Gugure! is one of those rare anime comedies which has an almost impeccable grasp of timing, using pauses in dialogue or character reactions to build the comedic effect. At times, the series feels a little bit like Barakamon‘s impish, and certainly odd, younger brother. We have an older male protagonist–who thinks highly of himself–meeting up with an elementary-aged girl in order to protect her and pass on his philosophy. Of course, much like in Barakamon, said little girl proves to be just as influential on her “sensei” as he is on her, if not more so. Gugure! is a sillier and less triumphant Barakamon, if 90’s Tim Burton had directed it.
This series plays out in usual shounen fashion, with a central passion that our main characters give themselves over to. Unique to Tribe Cool Crew, is the relative sweetness of the show, which isn’t beat over our heads but instead plays out quietly. Our protagonists are in such awe of each others’ talents, that even “dance offs” feel cordial and built on a ground of equal respect. There’s nothing wrong with the antagonizing which happens in shows like Pokemon or Bleach, but this function of Tribe definitely helps to set it apart from the rest of the pack. The series also portrays the art of dancing as fun and amusing, without subtracting from the importance which the main characters have attributed to the form of expression. I can’t abide by the CGI animated dance scenes–which look out of place, next to classically animated shots–but Tribe Cool Crew is a winner, otherwise.
Fate/Stay Night keeps up a tradition this season of having outstanding animation but a mediocre story. Perhaps if I was a big fan of the franchise or the original visual novels, this new iteration would be right up my alley, but as it stands, I just marveled at the artwork for the 44 minute duration of the pilot. I won’t be reviewing this one–once again, plenty of coverage–but Fate/Stay Night has at least redefined the way I view the franchise at large, after the criminally bad Fate/kaleid liner blah blah 2wei!. Fate/Stay Night doesn’t involve 8-year olds making out with one another, so it gets the patented Thin Black Line stamp of approval.
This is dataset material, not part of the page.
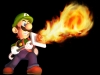 3DS_LuigisMansion_char_11_png_jpgcopy
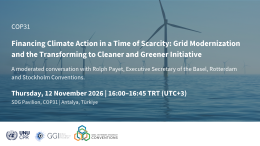 Financing Climate Action in a Time of Scarcity: Grid Modernization and the Transforming to Cleaner and Greener Initiative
Reconguista‘s biggest problem is its incoherence, or at least a disinterest on the part of the writers/director to fill in those of us not familiar with the Gundam universe. That being said, the throwback art style–which feels straight out of the 70’s, but in high definition–is magnificent, and I love the designs of the mechs. As a fan of mecha series, it looks like I’m down to this, GBF Try or Cross Ange this season, and the combination of the nostalgic animation and the action direction here, puts Reconguista on top.
Shigatsu is an extremely pretty series–kudos to A-1 Pictures for that–but it ultimately feels hollow. Even as a fan of anime about musicians, I’d probably only stick with this show for the artwork. Otherwise, the characters are dull and don’t seem to move the story along at the right pace. Still, there’s potential here, so getting on board now could pay off if you have the patience.
Having only caught an episode of the first season of GBF, I found this second season to be readily accessible. We get a quick idea of where each character stands and then we’re thrust into the action. Even though this series is more of a commercial for Gunpla–Gundam plastic models–than anything before it, the show still has a way of reaching beyond that simple goal and contains a level of action-packed gravitas. Were I to be following more shows this season, GBF Try would be on my list.